◆ Task ◆
For the entries below, copy exactly the line that contains "Richard Mille-RM055 43mm" through the line that contains "CARSON Rocklines 10ft", both ends included, and exclude all pictures.

◆ Given records ◆

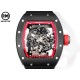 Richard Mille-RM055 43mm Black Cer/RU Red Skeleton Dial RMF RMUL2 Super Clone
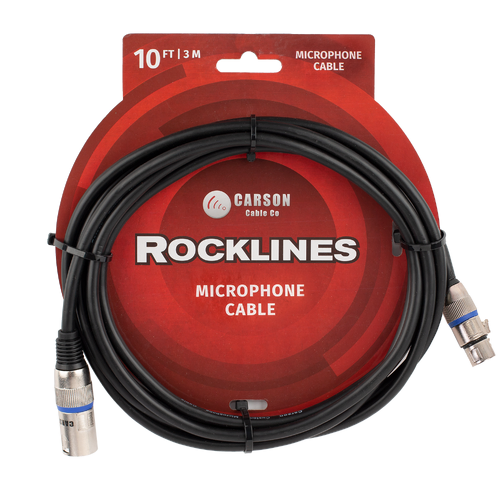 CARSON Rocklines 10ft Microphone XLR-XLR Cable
...
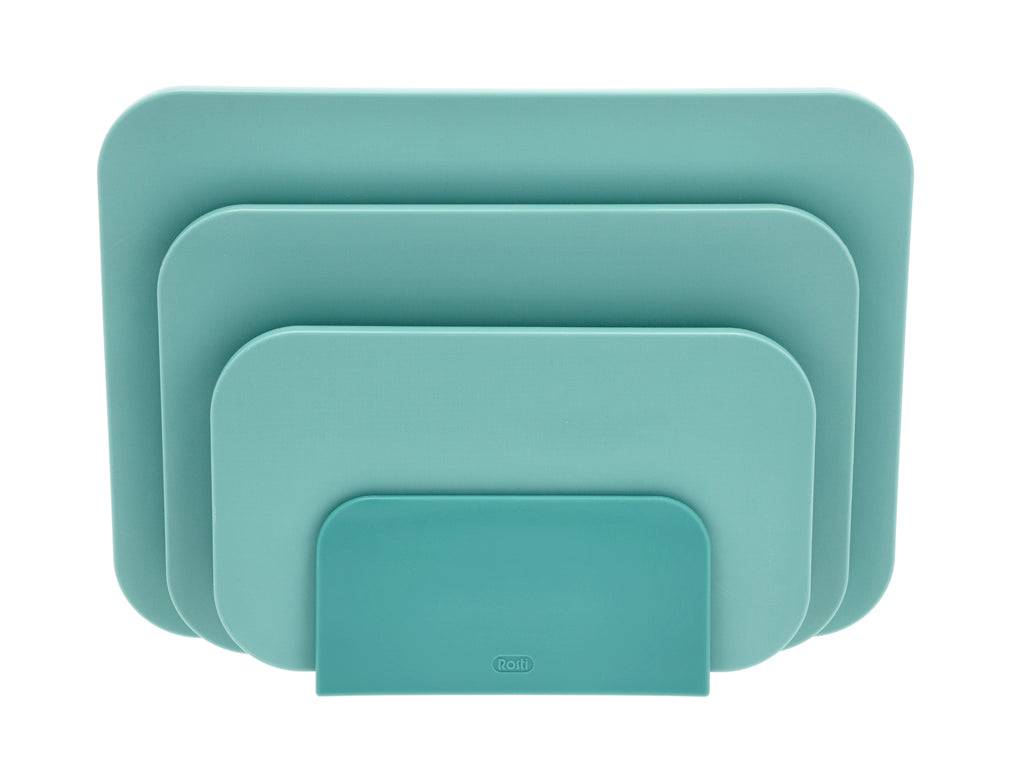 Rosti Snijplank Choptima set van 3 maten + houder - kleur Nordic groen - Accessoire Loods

◆ Written response ◆
 Richard Mille-RM055 43mm Black Cer/RU Red Skeleton Dial RMF RMUL2 Super Clone
 CARSON Rocklines 10ft Microphone XLR-XLR Cable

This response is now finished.